China’s government owned mining companies immediately offered to buy 51% of Lynas and 25% of Arafura.

http://www.theage.com.au/business/concerns-raised-over-chinas-rare-earth-dominance-20090901-f6xw.html

Unfortunately for the dreamers and politicians, China already has a strangle-hold on the world’s supply of the most critical material needed for electric cars, solar panels, guided missiles, wind turbines, cell phones, even the flu drug Tamiflu.

The U.S. may become much greener over the next few decades, but it will have to do so using Chinese resources and technology – does anyone believe China would pass up this opportunity to become the green technology supplier to the world when they can simply stop exporting the most critical material if others begin to surpass them?

China has the money, the political will, the engineers, the cheap labor, the weak environmental protection, virtually ALL the most critical materials, what more do they need?

I’m not criticizing China, they saw an opportunity and took advantage. The U.S. could have done it. Some European countries tried but didn’t have our resources. U.S. companies used to do the same sort of thing when big banks were willing to invest in something other than gambling.

Please let me know if someone sees a way out of this WITHOUT ignoring the basic facts such as:

Where to get the rare metals when China owns all of the production.

How to compete with vastly more engineering graduates.

How to hire engineers for $7,000/year.

How to hire workers for $1/hr.

How to get companies to fund long-term projects.

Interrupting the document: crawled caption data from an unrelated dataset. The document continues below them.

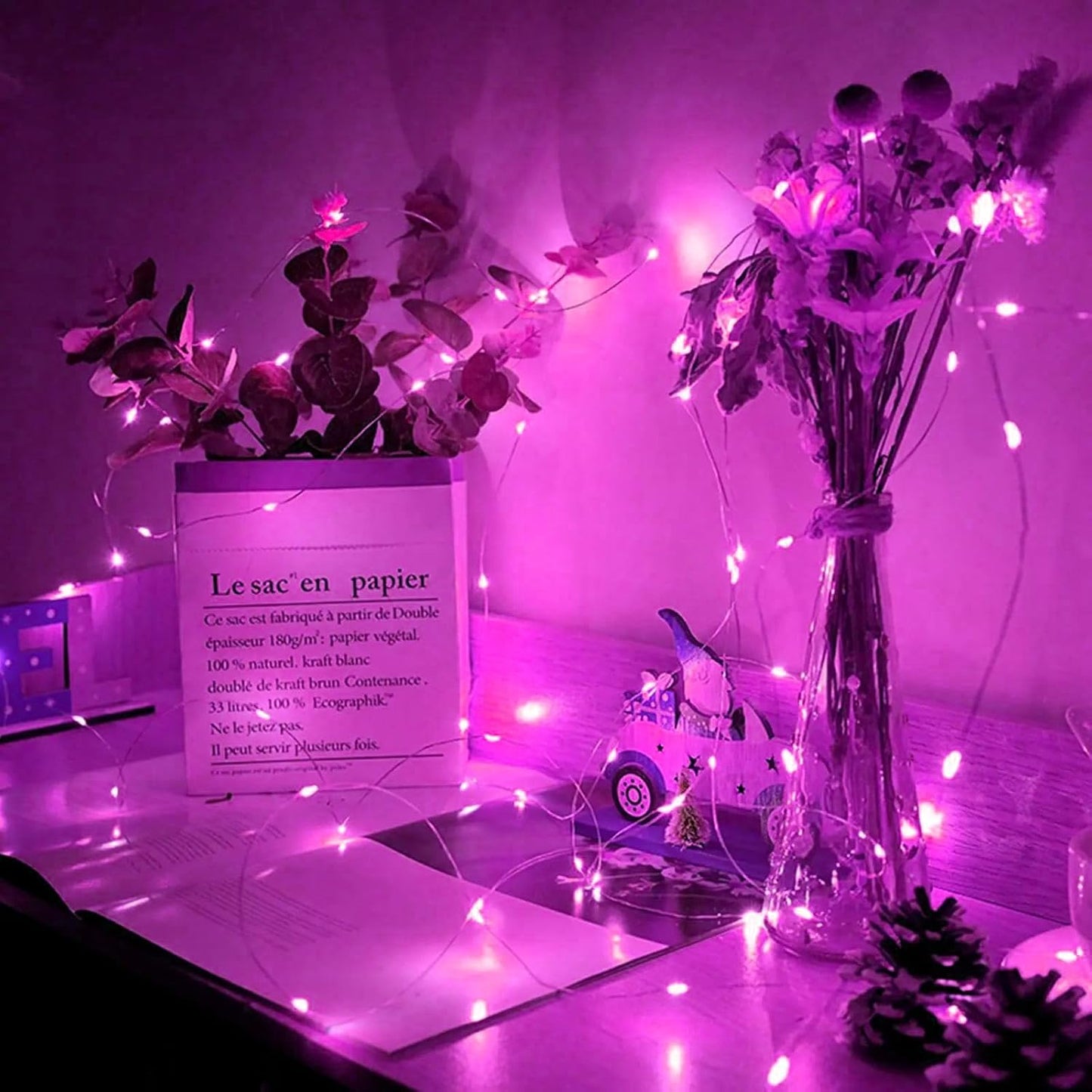 12 Pack Pink Fairy Lights 7Ft 20 LED Twinkle String Lights 3 Modes Battery Operated Waterproof Firefly Starry for Mason Jar Party Wedding Christmas Valentines Day Table Centerpieces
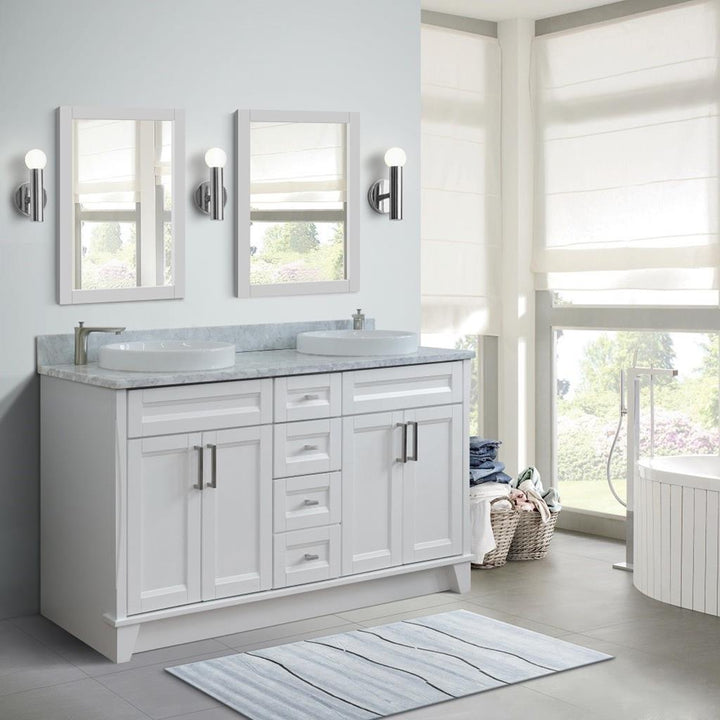 Bellaterra Home, Terni 61" White Double Vanity, Round Sink, White Carrara Marble#top-options_white-carrara-marble-top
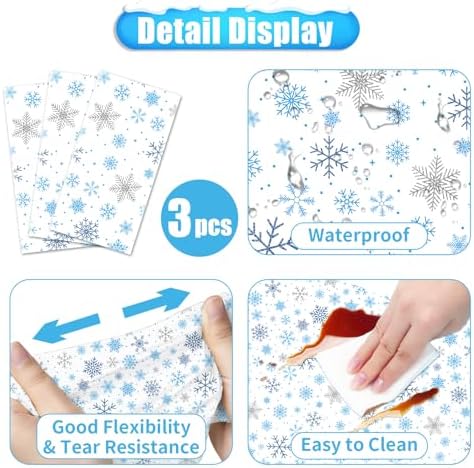 3-Piece 54 x 108 Inch Christmas Snowflake Plastic Tablecloth – Blue and White Disposable Rectangle Table Covers with Snowflake Design for Holiday Parties, Christmas Dinners, and Winter Celebrations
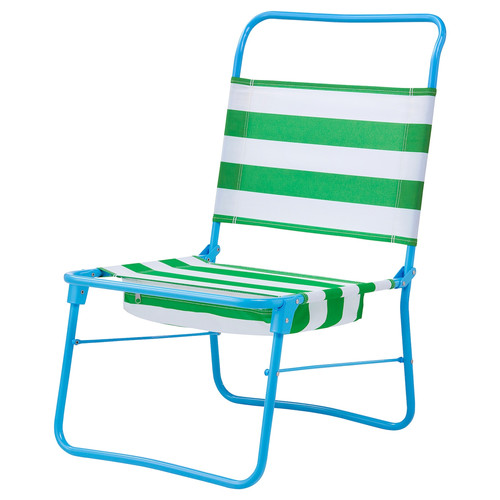 STRANDÖN Beach chair, white green/blue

How to get politicians to focus on the country and not just pork for their district.

AND, because none of the others matter if you can’t get around this one basic fact – once again, how do you get the material needed to become the world’s leader in green technology when those technologies all require rare earth metals and China owns virtually ALL of the rare earth production in the world?

For all of President Obama’s inspirational talk and honest efforts, no one in the administration (or elsewhere) has answered that basic question.

It is like setting out to be the world’s biggest bread maker but not having secured any source of flour.